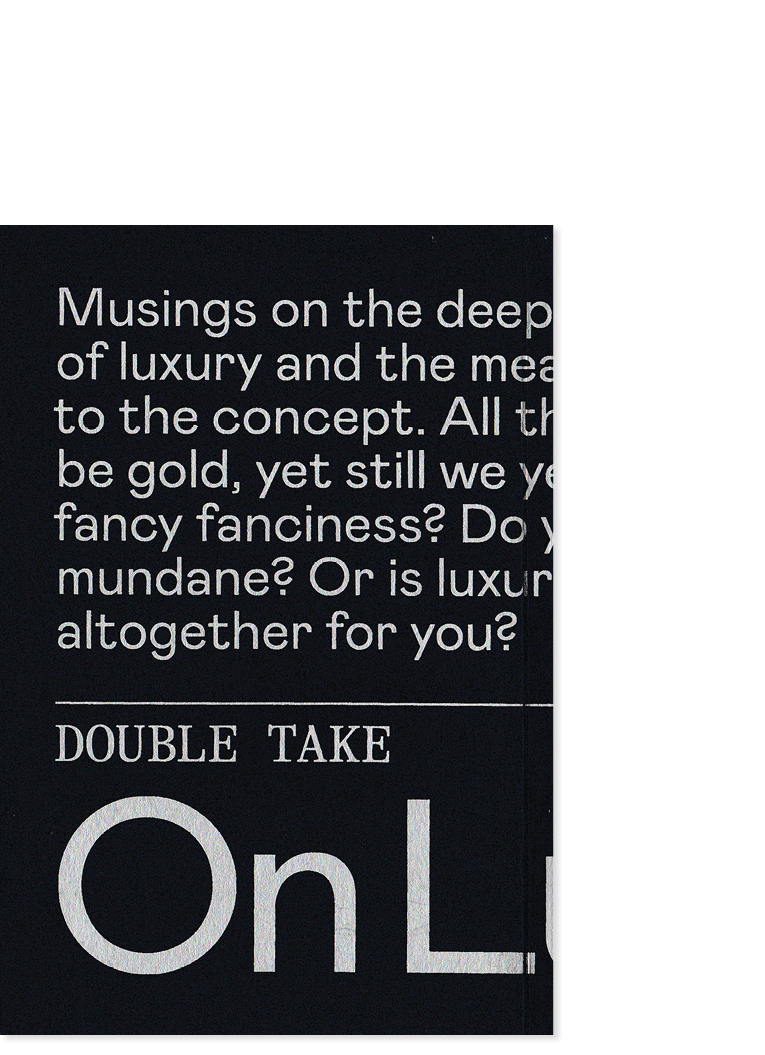 Double Take: On Luxury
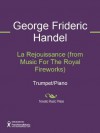 La Rejouissance (from Music For The Royal Fireworks) Sheet Music (Trumpet/Piano) - George Frideric Handel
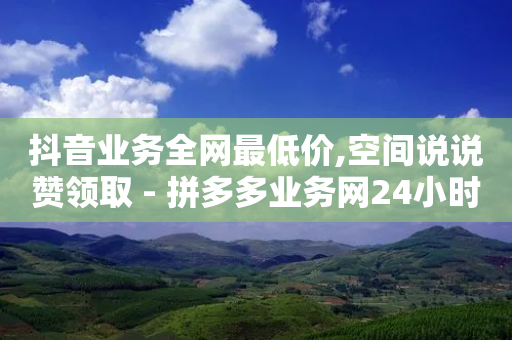 抖音业务全网最低价,空间说说赞领取 - 拼多多业务网24小时自助下单 - 拼多多好运多多在哪-第1张图片-靖非智能科技传媒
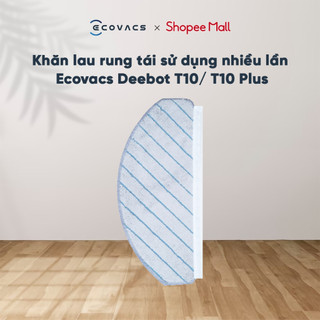 Khăn lau rung tái sử dụng nhiều lần cho Robot hút bụi lau sàn Deebot T10/T10 Plus - Hàng chính hãng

* WORK TO BE COMPLETED: In your answer, set down the full listing word for word and include no pictures.

* REPLY:
 Double Take: On Luxury
 La Rejouissance (from Music For The Royal Fireworks) Sheet Music (Trumpet/Piano) - George Frideric Handel
 抖音业务全网最低价,空间说说赞领取 - 拼多多业务网24小时自助下单 - 拼多多好运多多在哪-第1张图片-靖非智能科技传媒
 Khăn lau rung tái sử dụng nhiều lần cho Robot hút bụi lau sàn Deebot T10/T10 Plus - Hàng chính hãng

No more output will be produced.